Beberapa tradisi orang jawa yang mengiringi pelaksanaan ibadah di bulan ramadhan adalah sebagai
berikut

Tradisi yang satu ini butuh persiapan yang tidak cukup lama karena ada beberapa kegiatan yang
dilakukan. Nyadran terdiri dari serangkaian kegiatan seperti besik kuburan (membersihkan kuburan),
ziarah kubur dan kondangan atau kenduri atau kenduren.

Biasanya dilakukan di hari kesepuluh bulan Rajab atau saat datangnya bulan Sya’ban. Meskipun tidak
harus tepat harinya, tetapi orang Jawa biasanya mengambil hari tersebut.

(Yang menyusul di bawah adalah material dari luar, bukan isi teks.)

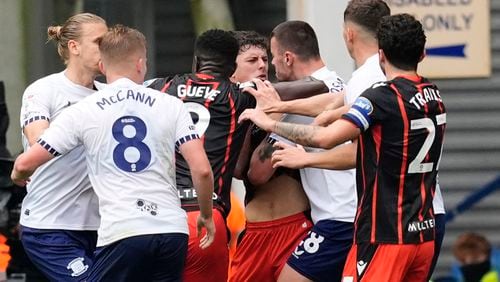 Blackburn Rovers' Owen Beck is confronted by Preston North End's Milutin Osmajic before being shown a red card, during an English Football League soccer match, at Deepdale, in Preston, England, Sunday, Sept. 22, 2024. (Nick Potts/PA via AP)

Ritual nyadran dimulai dengan datang ke kuburan untuk besik-besik atau membersihkan kuburan
baik dari rumput liar, kotoran daun kering atau ranting kering. Jaman dahulu, di desa, kami biasa
datang bersamaan, biasanya orangtua dan anak-anaknya diajak untuk ikut membersihkan kuburan.
Bisa kuburan nenek/kakek, saudara atau leluhur lainnya. Kami biasa membawa gathul (sejenis
cangkul tapi hanya seukuran sabit) untuk mencabuti rumput, dan sapu lidi. Saat membersihkan
kuburan, kami tidak sendirian, karena hampir semua warga desa yang mempunyai leluhur di
kuburan akan datang dan ikutbesik-besik.
Kemudian kami akan nyekar/ziarah kubur , menaburkan bunga dan mendoakan arwah nenek
moyang yang telah tiada.

Nah, biasaanya 2 atau 3 hari kemudian(tergantung kesepakatan tetua dusun ), setelah bersih-bersih
kuburan, kami warga sedesa akan melakukan ritual selanjutnya yaitu kenduri atau kenduren di areal
kuburan tersebut. Saat kecil, akan dipilih tempat diantara kuburan yang cukup lapang untuk di tata
alas tikar yang bisa menampung warga dusun . Karena hampir semua warga dusun, tua muda, besar
kecil akan datang dan ikut kenduren. Tetapi saat kecil dulu, saya juga mengalami tidak lagi kenduren
di areal kuburan tetapi pernah di areal sumur agung (di desa biasanya ada sumber air yang airnya
menjadi andalan warga saat kemarau). Tetapi saya juga pernah mengalami ikut kenduren di rumah
salah satu warga desa . Intinya pilihan tempat untuk kenduren terserah warga desa tersebut.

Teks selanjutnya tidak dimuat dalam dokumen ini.